Beige Book Report: Richmond
June 16, 1976
Responses to our June survey of Fifth District Business Conditions suggest a leveling off of the rate of recovery. Compared to recent months, fewer manufacturers reported improvement in such areas as shipments and volume of new orders. Whether because of these developments or not, respondents' expectations for the next six months appear less optimistic than in previous months, particularly with regard to the level of production in their respective firms. Retail sales seem to have shown little change in May, an obvious departure from the rather rapid rate of improvement experienced earlier this year. Employment in the Fifth District continues to follow the trends set in the first quarter, as sizable monthly gains remain the rule. Neither current capacity nor availability of supplies and materials appears to present immediate problems. What supply problems have arisen were apparently related to differential rates of recovery which caused some supply channels to be drained. Such problems have already begun to subside.

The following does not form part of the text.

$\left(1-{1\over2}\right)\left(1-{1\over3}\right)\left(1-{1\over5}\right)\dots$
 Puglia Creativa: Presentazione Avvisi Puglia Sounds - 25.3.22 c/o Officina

Of the manufacturers responding to our latest survey, fewer reported increases in shipments, orders, and backlogs than did so in the two previous months. Backlogs of orders, in fact, seem to have shown little change in May. Inventories of materials held steady, while stocks of finished goods apparently grew somewhat. Most manufacturers responding to the survey report current inventory levels "about right" to "too high," with nearly one-third reporting the latter. Employment and weekly hours were also expanded somewhat, although these changes were less widespread than a month ago. Reports of price increases were more common than last month, with one-half of our respondents paying higher prices this month. Although nearly three-fourths of the manufacturers surveyed view current plant and equipment capacity as about right, over 20 percent continue to feel it excessive.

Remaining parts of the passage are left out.